The resilience of the Calmac fleet to ensure travel links to Scotland’s west coast Islands has been put into the spotlight again following the power shortage on board the MV Loch Seaforth ferry during her journey from Ullapool to Stornoway yesterday (Wednesday) afternoon.
A vessel breakdown in Easter led to major disruption to travellers during the busy travel period, with cuts to sailings, smaller vessels being deployed on busy routes and issues with information and booking leading to frustration for visitors and island residents alike.
A statement by the Calmac Community Board, at that time, stated: “While the board recognise that Calmac have to operate with the resources available to them, there was huge frustration that when at peak times and periods of full capacity the service is at serious risk if even one vessel is out of action, as at present.”
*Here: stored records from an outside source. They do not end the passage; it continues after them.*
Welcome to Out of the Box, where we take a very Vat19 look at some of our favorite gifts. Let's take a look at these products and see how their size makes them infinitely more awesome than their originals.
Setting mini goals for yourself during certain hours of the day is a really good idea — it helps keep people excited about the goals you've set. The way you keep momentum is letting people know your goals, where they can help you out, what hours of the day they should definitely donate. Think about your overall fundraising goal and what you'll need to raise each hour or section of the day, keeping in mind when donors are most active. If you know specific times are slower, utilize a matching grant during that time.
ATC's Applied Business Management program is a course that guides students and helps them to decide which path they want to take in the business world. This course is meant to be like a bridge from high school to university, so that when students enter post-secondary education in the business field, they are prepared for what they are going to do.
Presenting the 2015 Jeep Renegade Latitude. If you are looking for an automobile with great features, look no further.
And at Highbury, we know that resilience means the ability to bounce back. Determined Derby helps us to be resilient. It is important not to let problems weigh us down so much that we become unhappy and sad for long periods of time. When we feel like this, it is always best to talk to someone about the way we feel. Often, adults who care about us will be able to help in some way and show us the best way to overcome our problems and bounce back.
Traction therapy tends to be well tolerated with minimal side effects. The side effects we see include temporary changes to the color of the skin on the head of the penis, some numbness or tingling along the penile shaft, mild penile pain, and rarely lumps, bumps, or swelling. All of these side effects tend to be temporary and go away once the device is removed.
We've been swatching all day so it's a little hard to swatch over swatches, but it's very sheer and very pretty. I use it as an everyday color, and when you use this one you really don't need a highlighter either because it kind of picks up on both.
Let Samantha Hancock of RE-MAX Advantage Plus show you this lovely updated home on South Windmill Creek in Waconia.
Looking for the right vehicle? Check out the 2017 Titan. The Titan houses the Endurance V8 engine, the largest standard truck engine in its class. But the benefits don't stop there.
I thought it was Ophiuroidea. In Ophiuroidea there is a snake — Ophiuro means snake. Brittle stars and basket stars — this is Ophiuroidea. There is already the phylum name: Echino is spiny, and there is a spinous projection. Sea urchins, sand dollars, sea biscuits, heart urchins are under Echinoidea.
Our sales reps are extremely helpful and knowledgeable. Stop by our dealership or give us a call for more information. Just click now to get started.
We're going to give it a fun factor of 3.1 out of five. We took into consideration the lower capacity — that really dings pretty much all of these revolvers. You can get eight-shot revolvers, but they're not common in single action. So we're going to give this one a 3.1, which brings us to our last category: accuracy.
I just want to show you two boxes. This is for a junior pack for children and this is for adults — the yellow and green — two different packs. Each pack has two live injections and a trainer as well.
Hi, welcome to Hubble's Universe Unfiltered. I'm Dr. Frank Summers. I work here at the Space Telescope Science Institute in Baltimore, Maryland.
Now skip to yesterday afternoon and the power outage on board the MV Loch Seaforth - the ship was repaired quickly and is sailing on a revised timetable today (Thursday) - however the incident has underlined the fact that this issue has not gone away.
Western Isles MSP Alasdair Allan welcomed the news that the ferry was back in service and recognised the efforts of engineers and crew, who repaired the fault and returned her to service in such a short timeframe.
But he added: “This episode gives a stark illustration of just how quickly a serious situation can develop when the fleet is stretched to the very limit during peak season.
“I was in regular contact with Calmac, Transport Scotland and the Cabinet Secretary for Transport throughout the evening, and while there were contingency plans being developed, it is clear that they would have involved a series of re-deployments which would inevitably have brought some level of disruption to other areas.
“It goes without saying that completing the next two vessels for addition to the fleet must be the very highest priority for our ferry services.”